You are a person of enormous influence. If you could inspire a movement that would bring the most amount of good to the most amount of people, what would that be? You never know what your idea can trigger. 🙂
I would like to start a movement to encourage more kindness and compassion. As a society, we tend to group ourselves in boxes and borders, which makes it hard to solve the big problems. However, kindness and compassion work well to melt borders and protective shields. Every time you witness mistreatment or read a bullying social media comment, you should intervene with kindness and compassion. Let’s empower everyone to intervene with viral kindness!
Can you please give us your favorite “Life Lesson Quote”? Can you share how that was relevant to you in your life?
“So in everything, do to others what you would have them do to you…” — Matthew 7:12
I truly believe that everything in life comes back to people and relationships. How you treat people is an indicator of your own morals, ethics and authenticity. My previous answer about managing a large team featured the phrase, “care for people.” This scripture is also similar to the quote by Maya Angelou, “People will forget what you said, people will forget what you did, but people will never forget how you made them feel.”

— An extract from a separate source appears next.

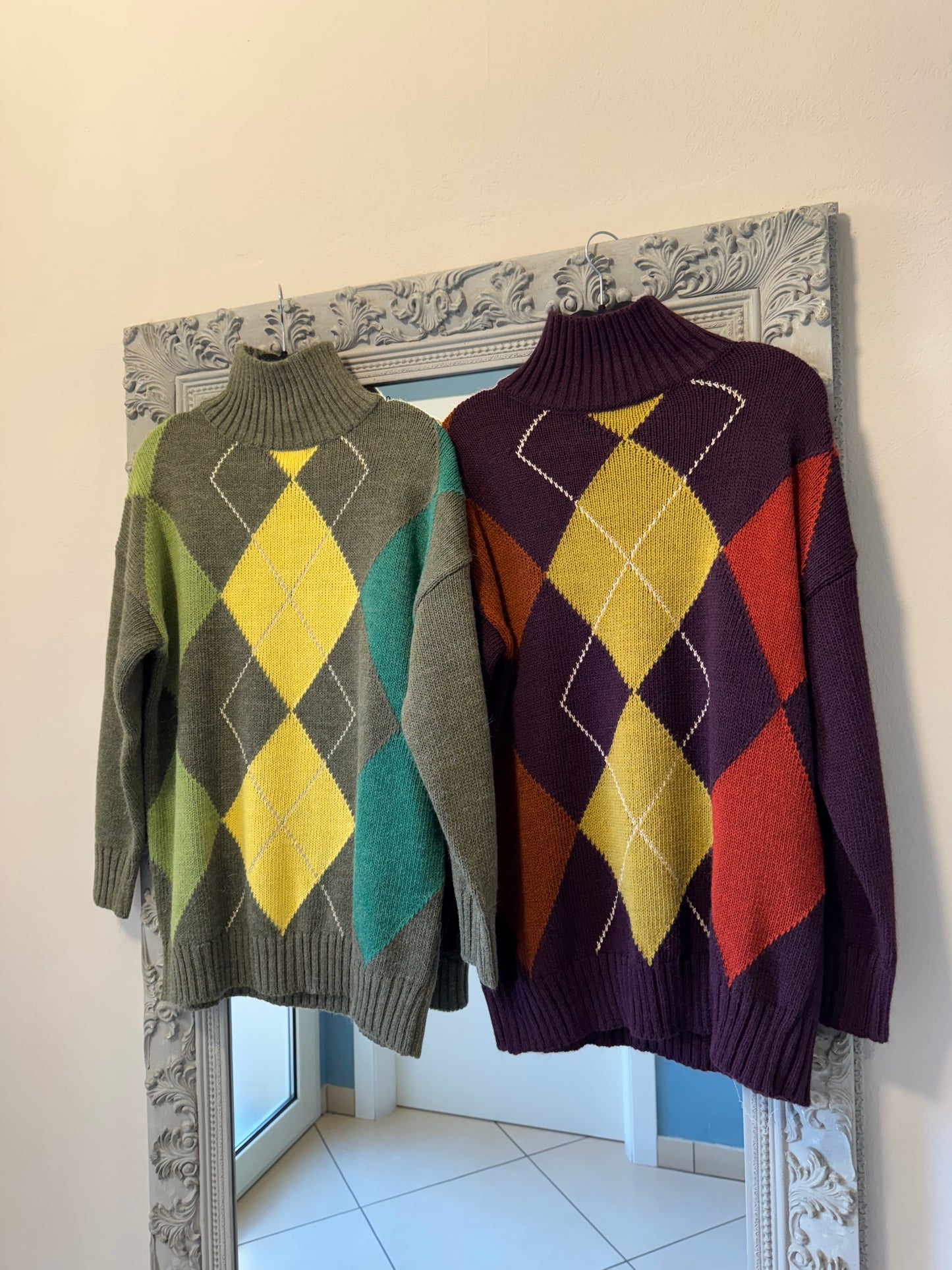 Susymix-Pullover con rombi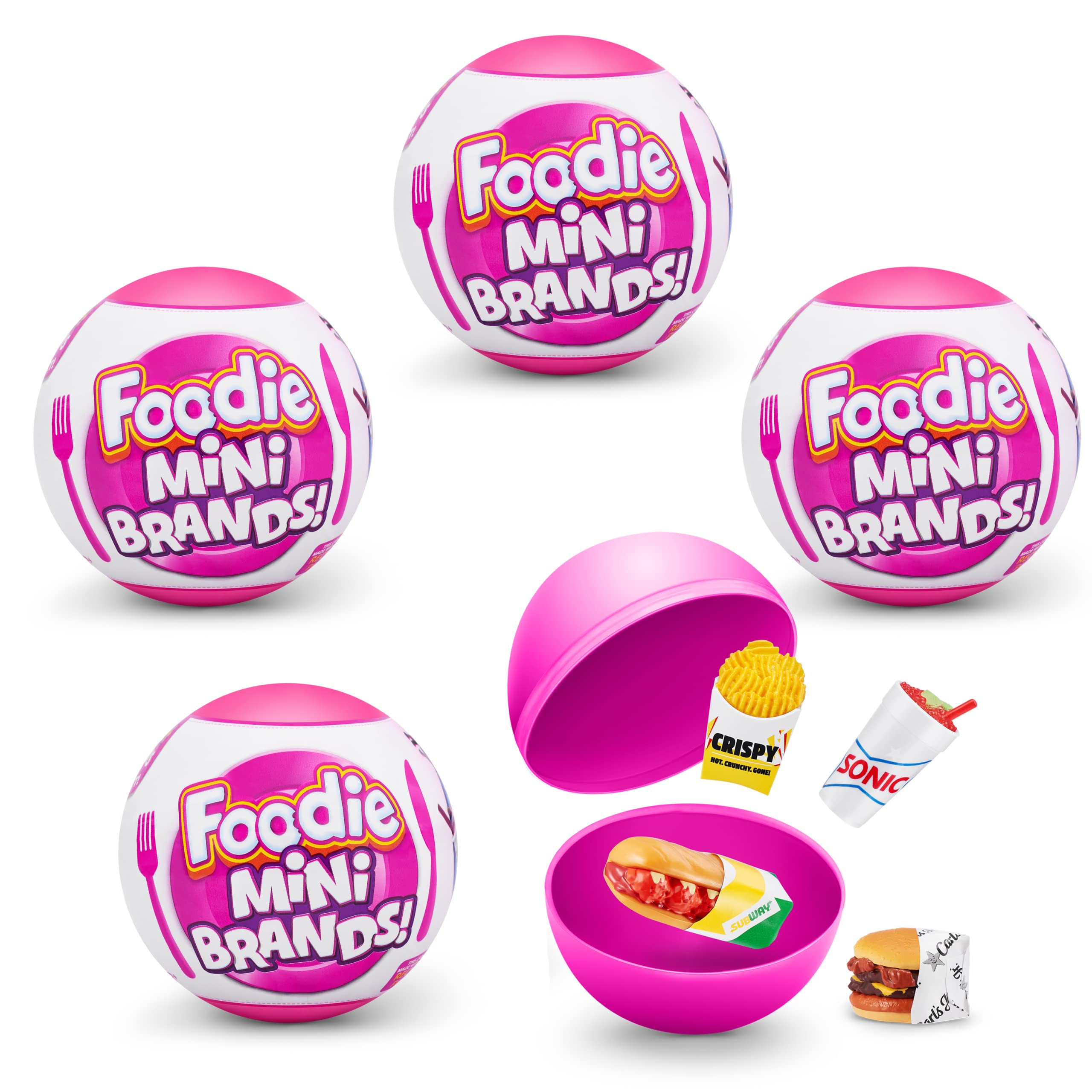 5 Surprise Foodie Mini 4 Pack - Collectible Fast Food Miniatures for Ages 3+ by ZURU 8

We are very blessed that very prominent leaders read this column. Is there a person in the world, or in the US with whom you would love to have a private breakfast or lunch with, and why? He or she might just see this if we tag them 🙂
I would absolutely be delighted to dine with Ursula Burns! About seven or eight years ago, a colleague was retiring from Shell and as a parting gift, he left a magazine on my desk with a personal note. The note said, amongst other things, “one day you will be her.” Ursula Burns was on the cover of the magazine as one of the most powerful women in business. Both flattered and encouraged, it made me curious about what my colleague saw in me that could bring me to that level. If I could dine with Ursula, I would like to ask about her story and her accomplishments.